Louboutin and colleagues^71-73 investigated the role of CCR5 in a rat model of seizures provoked by intraperitoneal administration of kainic acid (KA). Four months before KA injection, adult rats were given femoral intramarrow inoculations of SV(RNAiR5-RevM10.AU1), which carries an interfering RNA (RNAi) against CCR5, plus a marker epitope (AU1), or its monofunctional RNAi-carrying homolog, SV(RNAiR5). This treatment lowered expression of CCR5 in circulating PBMC. Controls received unrelated SV(BUGT) vector. In control rats, seizures increased the expression of CCR5 ligands MIP-1α and RANTES in the microvasculature and induced BBB leakage as well as CCR-positive cells, inflammation, neuronal loss and gliosis in the hippocampi. Animals given either the bi- or the monofunctional vector were largely protected from KA-induced seizures, neuroinflammation and BBB damage, and exhibited a decreased production of MIP-1α and RANTES, as well as reduced neuron loss. Brain CCR5 mRNA was reduced in these rats. Rats receiving RNAiR5-bearing vectors showed far greater repair responses with increased neuronal proliferation. Thus, inhibition of CCR5 in circulating cells strongly protected rats from seizures, BBB leakage, CNS injury and inflammation, and facilitated neurogenic repair. These results suggest that inhibition of CCR5 in circulating PBMC can decrease their interaction with endothelial cells, thus reducing leukocyte migration across the BBB, and consequently neuroinflammation and deleterious related events.
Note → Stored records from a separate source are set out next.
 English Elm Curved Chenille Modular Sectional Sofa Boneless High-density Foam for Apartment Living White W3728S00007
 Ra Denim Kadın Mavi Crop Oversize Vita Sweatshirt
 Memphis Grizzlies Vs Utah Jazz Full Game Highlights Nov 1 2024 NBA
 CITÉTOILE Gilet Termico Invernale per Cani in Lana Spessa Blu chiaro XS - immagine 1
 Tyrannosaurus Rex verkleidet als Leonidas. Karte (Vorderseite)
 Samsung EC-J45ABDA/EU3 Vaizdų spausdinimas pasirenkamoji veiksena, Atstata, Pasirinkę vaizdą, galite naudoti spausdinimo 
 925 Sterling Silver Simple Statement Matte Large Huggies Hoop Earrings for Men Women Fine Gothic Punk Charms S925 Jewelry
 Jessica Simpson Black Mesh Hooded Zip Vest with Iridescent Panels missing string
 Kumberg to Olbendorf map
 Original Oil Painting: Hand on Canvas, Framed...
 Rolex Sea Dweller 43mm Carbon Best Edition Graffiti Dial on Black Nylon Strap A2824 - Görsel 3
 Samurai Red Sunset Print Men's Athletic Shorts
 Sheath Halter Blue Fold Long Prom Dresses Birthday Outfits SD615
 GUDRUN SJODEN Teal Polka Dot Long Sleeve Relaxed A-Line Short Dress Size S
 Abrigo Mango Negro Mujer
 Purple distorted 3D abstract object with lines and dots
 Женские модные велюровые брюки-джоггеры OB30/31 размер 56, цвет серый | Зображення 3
The chemokine CCL2 is elevated in brain tissue from patients with pharmacoresistant epilepsy.^{74; 75} Caleo and colleagues^{74; 76} showed a crucial role for CCL2 and its receptor CCR2 in seizure control. Mice with spontaneous seizures and neuropathology resembling mesial temporal lobe epilepsy were systemically injected with lipopolysaccharide (LPS) to mimic a peripheral inflammatory challenge. LPS was found to increase seizure frequency and up-regulate the brain expression of many inflammatory proteins, including CCL2. To test the potential role of CCL2 in seizure exacerbation, either a CCL2 transcription inhibitor (bindarit) or a selective antagonist of the CCR2 receptor (RS102895) was administered systemically. Interference with CCL2 signaling potently suppressed LPS-induced seizure worsening.⁷⁶ Intracerebral administration of anti-CCL2 antibodies also abrogated LPS-mediated seizure enhancement in chronically epileptic animals. These results reveal that CCL2 is a key mediator that link peripheral inflammation with neuronal hyperexcitability.

Palma reported that cytokines and chemokines can both influence GABAA receptor function, although they can exert opposite effects on neuronal synaptic transmission. For example the chemokine fractalkine (CX3CL1) is responsible for a positive modulation of GABAA receptor in human TLE brain because it slows the GABAA use-dependent desensitization (i.e. rundown).75 Differently, IL-1β was found to reduce GABAA-mediated current amplitude by activating IRAK1 and protein kinase C.⁷⁷ In both cases, the effects on GABA currents were intrinsic characteristic of the epileptic brain tissue, since such effects were absent in non-epileptic controls. This observation is explained, at least in part, by an upregulation of the cytokine/chemokine receptors. Interestingly, while in the fractalkine case the receptor’s upregulation may represent an attempt to reduce changes induced by epileptic insults, the IL-1β pathway actively contributes to ictogenesis through the impairment of GABA-mediated neurotransmission.^{77; 78} Altogether, these data indicate that GABAergic system is significantly modulated by inflammatory mediators released in epileptic foci, thus opening a wide scenario of novel therapeutic opportunities for controlling neuronal network hyperexcitability in epileptic patients.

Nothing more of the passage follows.